Calles del casco antiguo de Cannes

Y dejo para el final lo mejor: Cannes cuenta con varias islas cerca de su costa apenas conocidas. La mayor de todas es la Isla de St. Marguerite. Reserva natural, no tiene apenas construcciones recientes por lo que se puede disfrutar de la naturaleza casi en estado puro, algo dificil de encontrar en la Costa Azul.

Isla St. Marguerite

Las Islas tienen conexión con el puerto de Cannes gracias a un ferry que sale cada media hora y tarda unos 20 minutos a la Isla de St. Marguerite, que es también la más turística. El precio es de 11€ ida y vuelta. Es la más turística porque allí según la leyenda (y hay vestigios de que así fue) estuvo encerrado el Hombre de la Máscara de Hierro. Un misterioros personaje que fué prisionero del Rey Luis XIV de Francia y cuyo personaje popularizó la famosa película de Leonardo Dicaprio.

Además de los restos de una pequeña aldea y un Museo Marino, en la Isla se puede encontrar recreada la cárcel y la celda, dónde se supone estuvo aquel intrigante hombre encerrado.

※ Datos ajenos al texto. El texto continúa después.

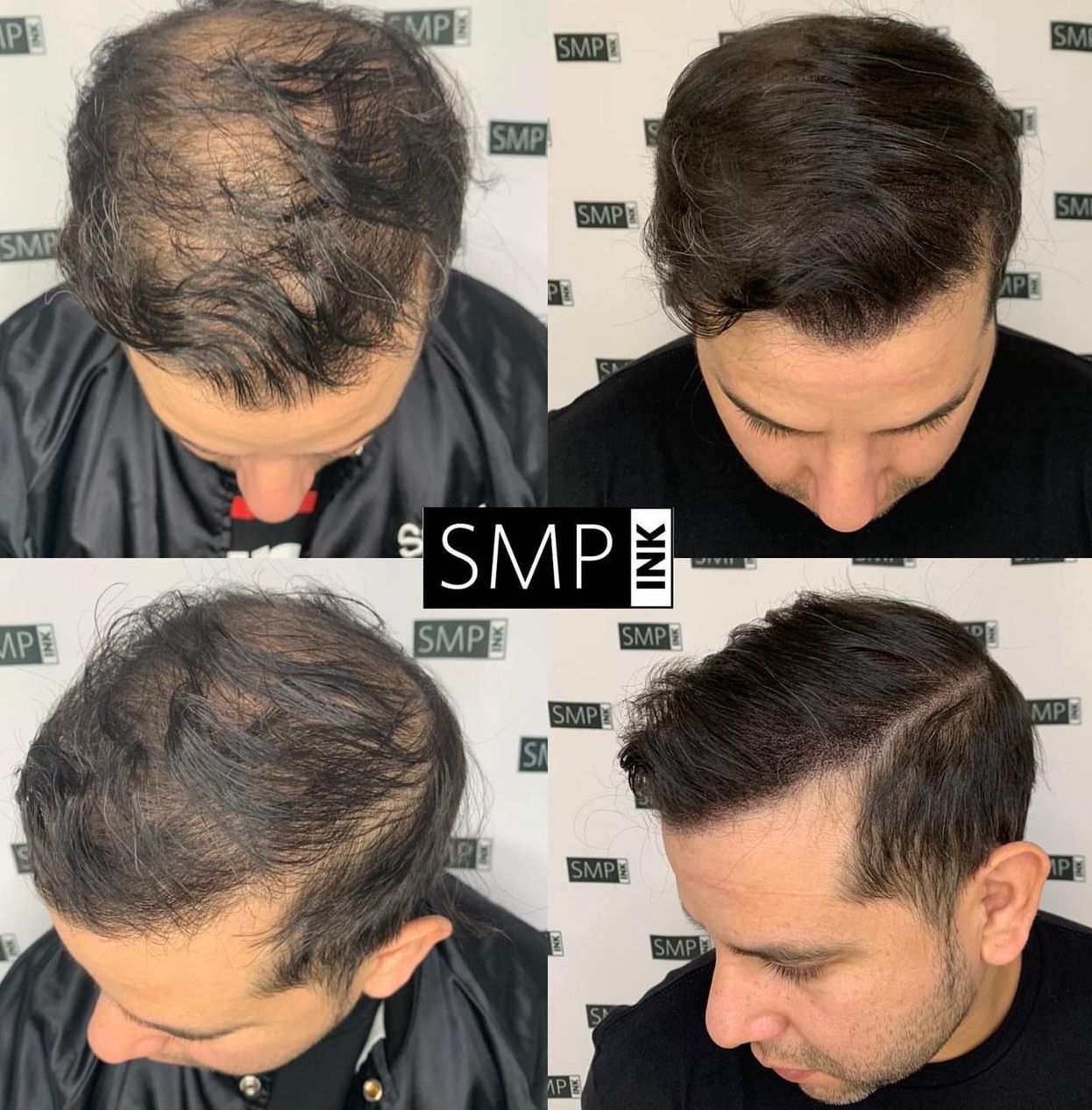 Before and after photos Mobile SMP INKED, Gulf coast , Pensacola, Florida and Alabama, Scalp Micropigmentation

Aldea en la Isla de St. Marguerite

Pero lo que más me gustó de esta pequeña isla fueron las rutas a pie que se pueden realizar por ella. Pequeños caminos y veredas recorren la isla de punta a punta, pasando por playas de arena fina y aguas transparentes, así como enclaves rocosos y bosques de pinos junto al mar.

Vista de Cannes desde la Isla de St. Marguerite

Tal vez, me gustó tanto esta isla, porque la visité en temporada baja, cuando apenas había gente. Tengo entendido que en verano se llena de gente y puede que para entonces ya no sea lo mismo.